Friday, 20 August 2010

We're not stupid

Why do people fall for scams? Are they stupid? Are they just naïve? Are they just greedy?

I don’t actually think people are stupid, I honestly don’t. Well, OK, not all of them. Let’s face it, some are. I’ve written before about the filling station manager up north who a couple of years ago was conned out of P70,000 by a couple of enterprising con-men who promised him that their magic box would double any money placed inside it. Rather than engage his brain and demonstrate even the slightest hint of skepticism he placed the filling station’s takings in the box and an amazing thing happened. The box, the money and the con-men disappeared, as if by magic.

That’s pretty stupid but his complete stupidity was demonstrated the following day when he fell for exactly the same trick again. He placed another P14,000 into the magic box, this time offered to him by two friends of the original crooks.

So yes, there are some people who are just catastrophically stupid.

Others are just naïve, which isn’t the same things as stupidity. My dictionary defines naïve as “showing a lack of experience, wisdom or judgment”. We’re all naïve at times, before we learn things. The most obvious example I have right now is those people who fall for “advance fee”, dual-location conference scams. These scams involve a victim receiving an email out of the blue inviting them to attend a conference that will be held in two locations. The email offers to pay for their flights, food, drink and their hotel bill. However, as always, there’s a catch.
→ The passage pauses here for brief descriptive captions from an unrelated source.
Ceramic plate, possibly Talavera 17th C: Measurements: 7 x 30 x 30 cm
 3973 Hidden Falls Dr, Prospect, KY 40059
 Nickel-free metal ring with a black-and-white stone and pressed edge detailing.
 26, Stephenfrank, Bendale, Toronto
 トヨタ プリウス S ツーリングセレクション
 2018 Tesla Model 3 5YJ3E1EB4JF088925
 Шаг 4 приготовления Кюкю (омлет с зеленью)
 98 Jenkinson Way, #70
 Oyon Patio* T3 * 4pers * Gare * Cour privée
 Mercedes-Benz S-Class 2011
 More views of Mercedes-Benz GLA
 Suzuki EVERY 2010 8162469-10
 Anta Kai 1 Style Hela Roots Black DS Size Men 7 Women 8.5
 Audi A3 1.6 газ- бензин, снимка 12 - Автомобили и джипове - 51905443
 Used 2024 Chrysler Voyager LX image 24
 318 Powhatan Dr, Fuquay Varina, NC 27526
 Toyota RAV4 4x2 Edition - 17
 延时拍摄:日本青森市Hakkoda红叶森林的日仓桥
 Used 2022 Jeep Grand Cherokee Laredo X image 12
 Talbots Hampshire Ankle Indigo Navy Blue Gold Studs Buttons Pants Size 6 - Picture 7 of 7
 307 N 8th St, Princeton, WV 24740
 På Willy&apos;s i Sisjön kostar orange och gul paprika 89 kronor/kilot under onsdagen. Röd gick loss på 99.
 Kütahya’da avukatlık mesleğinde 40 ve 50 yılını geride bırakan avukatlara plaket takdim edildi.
The scheme only pays ONE of the hotel bills, the victim is asked to pay the other. Needless to say, the victim thinks this is a small price to pay to attend such a prestigious conference in a far-flung exotic place at someone else’s expense. They don’t think too much about paying that single hotel bill. However their naïveté shows itself when they do what the scammers ask – they pay the hotel bill up front.

Nobody ever pays hotel bills up front. I have stayed in countless hotels across four continents in my career and I have NEVER paid a hotel bill up front. Not once. But here’s the thing. I’m not the target of this scam. The real targets are people who have NOT stayed in hotels before and who are understandably naïve about hotels and travel. They willingly pay up front because they believe the scammer who tells them that this is normal practice.

They are also naïve enough to think that you should pay a hotel bill up front using Western Union.

OK, they’re also naïve enough to think that there are organisations that have nothing better to do than pay total strangers to go to a conference.

Pyramid schemes also rely on naïveté. They rely on most of us not understanding basic arithmetic. Pyramid schemes, and their not very distant relatives, multi-level and network marketing companies work because most of us don’t understand exponential growth. Few of us can instantly see in our heads that any system that relies on each victim recruiting more victims, who each recruit more victims and so on quickly exhausts the available pool of potential victims. They also don’t understand that the money doesn’t add up either. Almost all people recruited by multi-level marketing companies end up achieving their targets by buying products themselves, not because of the success of the business beneath them in the pyramid. On the few occasions big MLM companies have been forced to disclose their data, it has shown that less than 1% of recruits ever make any profit at all.

It’s general naivete that allows them to continue. Well, that and secrecy, lies and threats against their critics.

Unfortunately there is another element to it. One that is not so easy to accept and excuse. Greed.

Traditional “419” scams rely entirely on greed. You all know the story by now. An email arrives from a total stranger, this time offering you a share in an illegally obtained fortune if you help the person who emailed you extract it from their country. Almost always it is either made perfectly clear or obviously implied that the money has been dubiously obtained. They rely on our greed to tempt us to cooperate in their pretended plan. Of course sooner or later the “advance fee” emerges, either a legal bill, a bribe or a transaction fee, and all you need to do is pay it and the fortune is yours. The victim’s greed is their undoing.

So perhaps we should be unsympathetic to the victims of scams? I don’t think so, I’m not that heartless but we do need to understand the various reasons why people fall for them. What’s more, while we can’t do much about stupidity and greed I still think we can do a lot to address naïveté. The solution is, of course, a mixture of education and protection.

At Consumer Watchdog we do our bit to spread some education but the key area where we need action is consumer protection. It can happen, I know.

In May this year the Australian Competition and Consumer Commission obtained restraining orders against three people who were trying to recruit victims into the ridiculous TVI Express pyramid scheme. This, by the way, is a scheme that operates in Botswana as well. I admire the Ozzies for taking action but the effect is just to move the scammers onto another platform. TVI is being overtaken by an almost identical pyramid scheme called Pyxism, also available here and also a pyramid scheme.

So maybe education IS the only answer?

This week’s stars

  • Bantle and Nkemetse from Orange for helping a customer “tirelessly” and for knowing their jobs extremely well.